The problem
Begin with the first line below and retype each line exactly through the line containing "Green Animal Print Tie Front Cuffed Joggers". Any pictures are to be left out.

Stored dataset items
════════════════
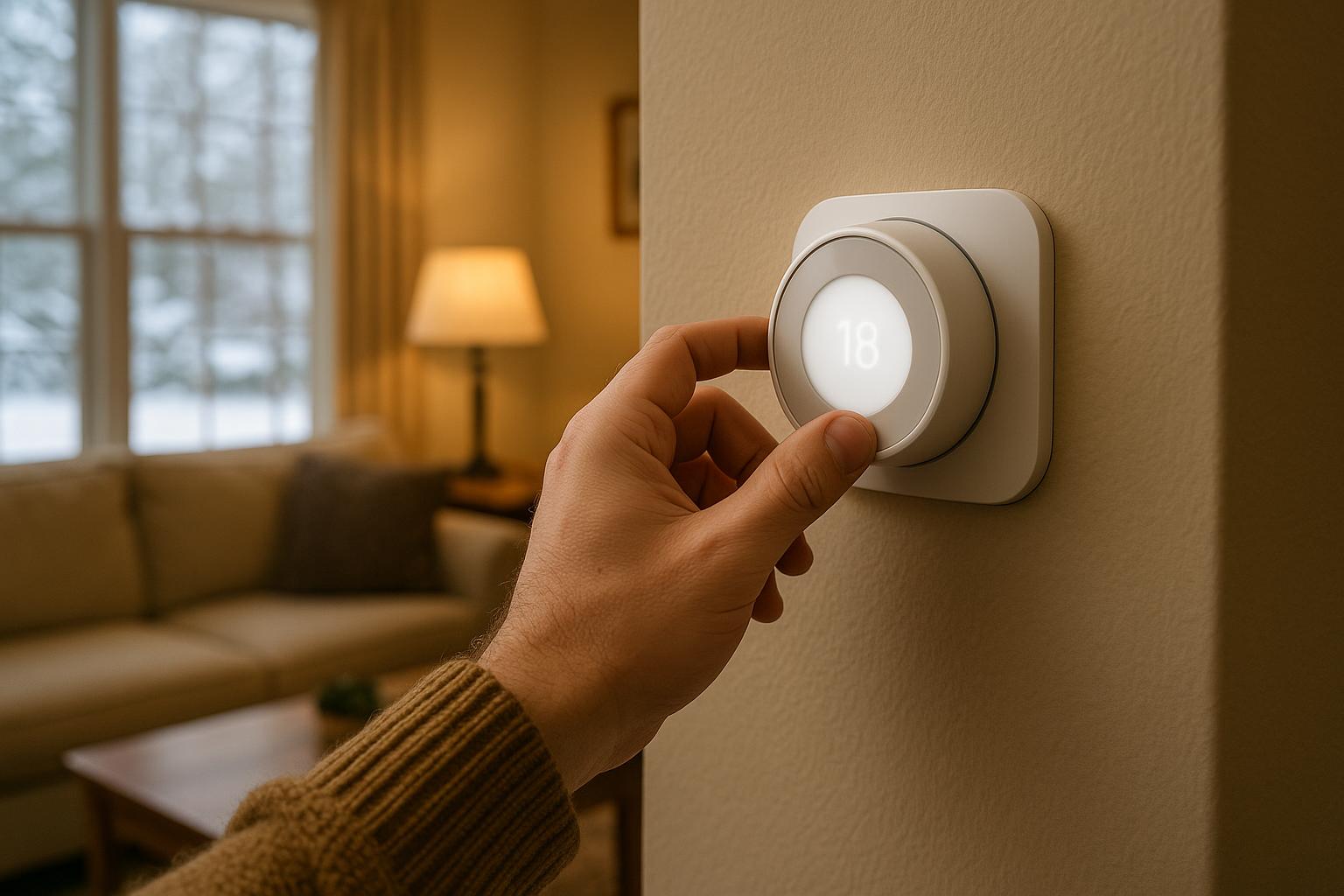 Homeowner adjusting a wall thermostat for heating service in Hamden, CT -- Express Home Services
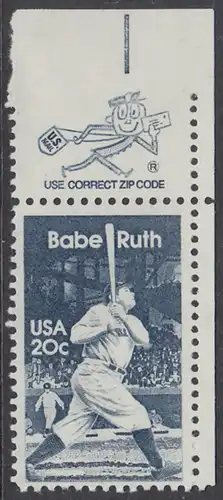 USA Michel 1641 / Scott 2046 postfrisch EINZELMARKE ECKRAND oben rechts m/ ZIP-Emblem - George Herman -Babe- Ruth (1895-1948), Baseballspieler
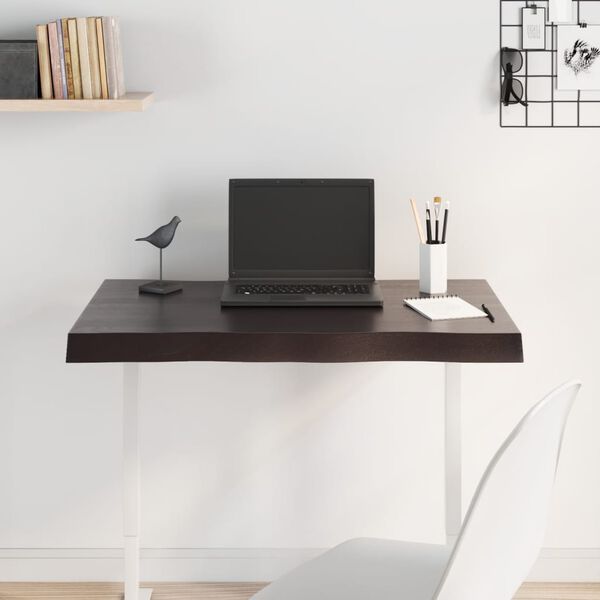 vidaXL Blat stołu, ciemnobrązowy 80x50x2 cm, dąb z naturalną krawędzią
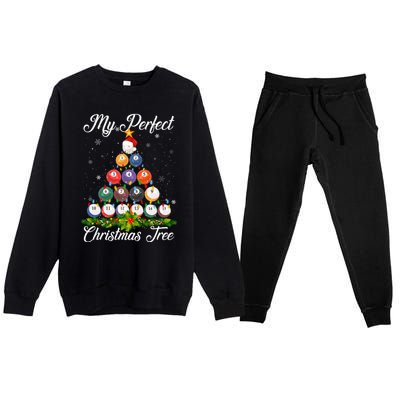 Christmas Tree Billiards Ugly Xmas Sweater Great Gift Premium Crewneck Sweatsuit Set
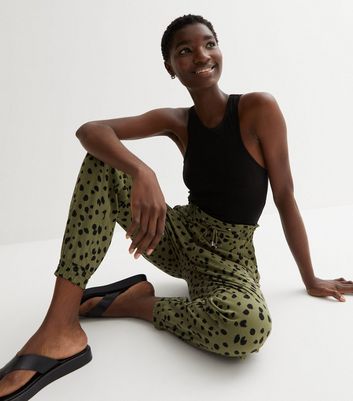 Green Animal Print Tie Front Cuffed Joggers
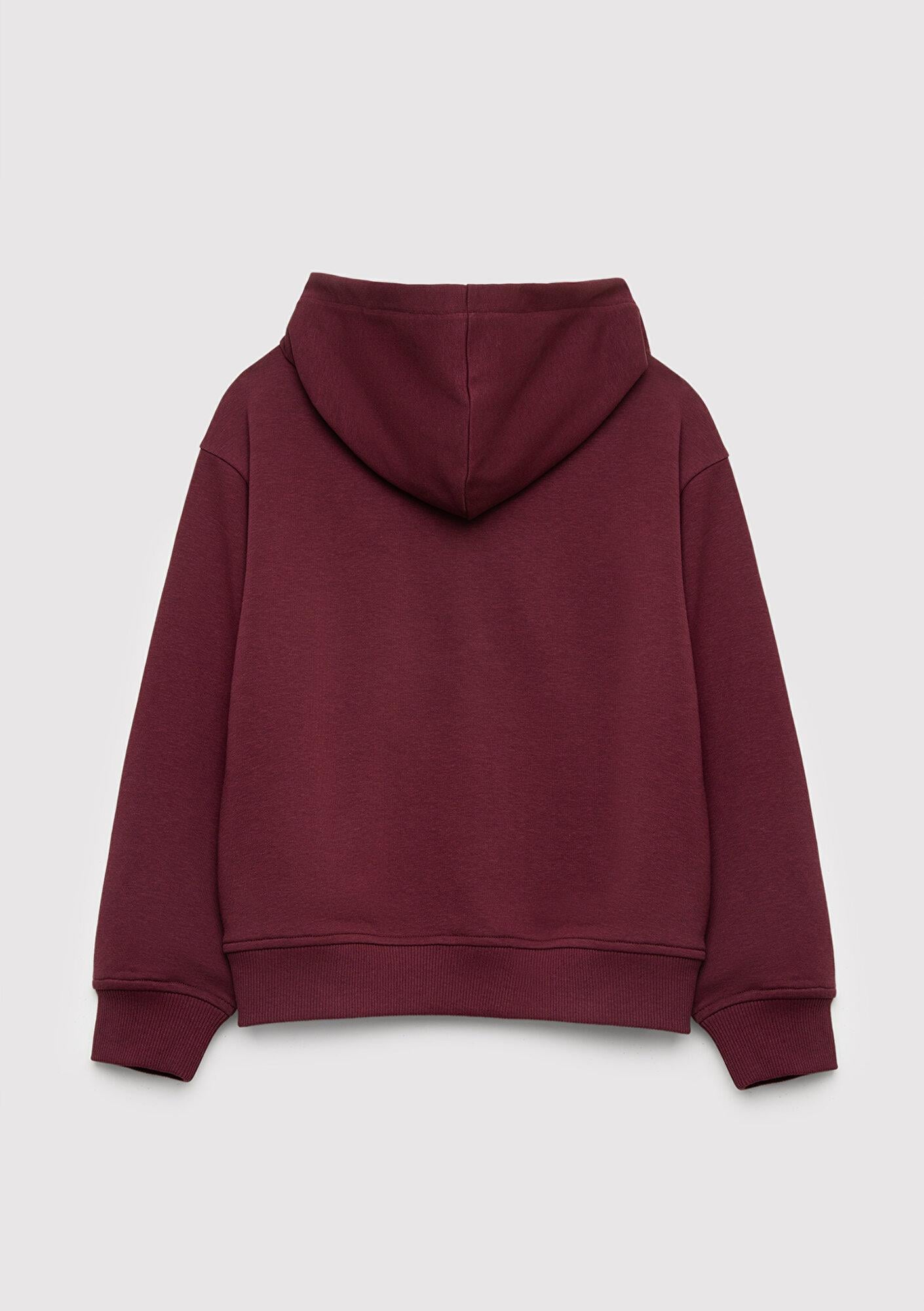 Mavi Kapüşonlu Bordo Sweatshirt 7S10207-87830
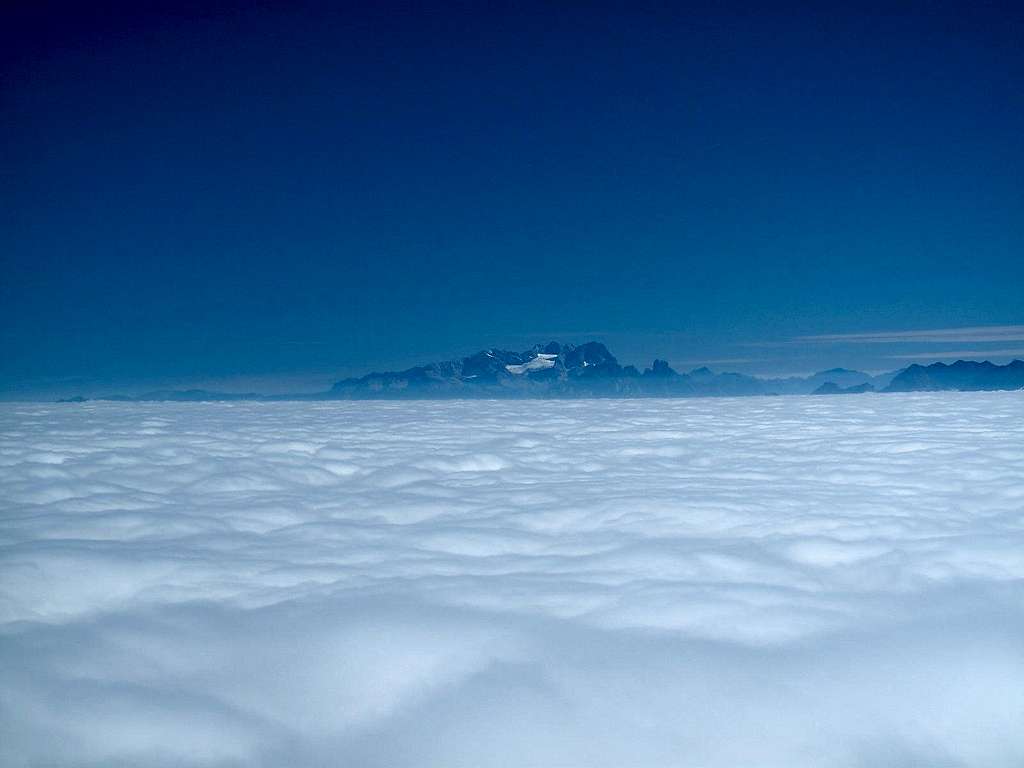 The Dachstein (2993m) rising out of the sea of clouds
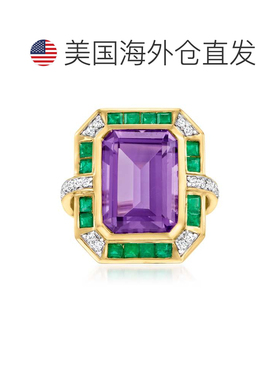 自营 ross-simons罗斯-西蒙斯紫水晶，.翡翠和。 14kt 黄金钻石戒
════════════════
The completed task
 Homeowner adjusting a wall thermostat for heating service in Hamden, CT -- Express Home Services
 USA Michel 1641 / Scott 2046 postfrisch EINZELMARKE ECKRAND oben rechts m/ ZIP-Emblem - George Herman -Babe- Ruth (1895-1948), Baseballspieler
 vidaXL Blat stołu, ciemnobrązowy 80x50x2 cm, dąb z naturalną krawędzią
 Christmas Tree Billiards Ugly Xmas Sweater Great Gift Premium Crewneck Sweatsuit Set
 Green Animal Print Tie Front Cuffed Joggers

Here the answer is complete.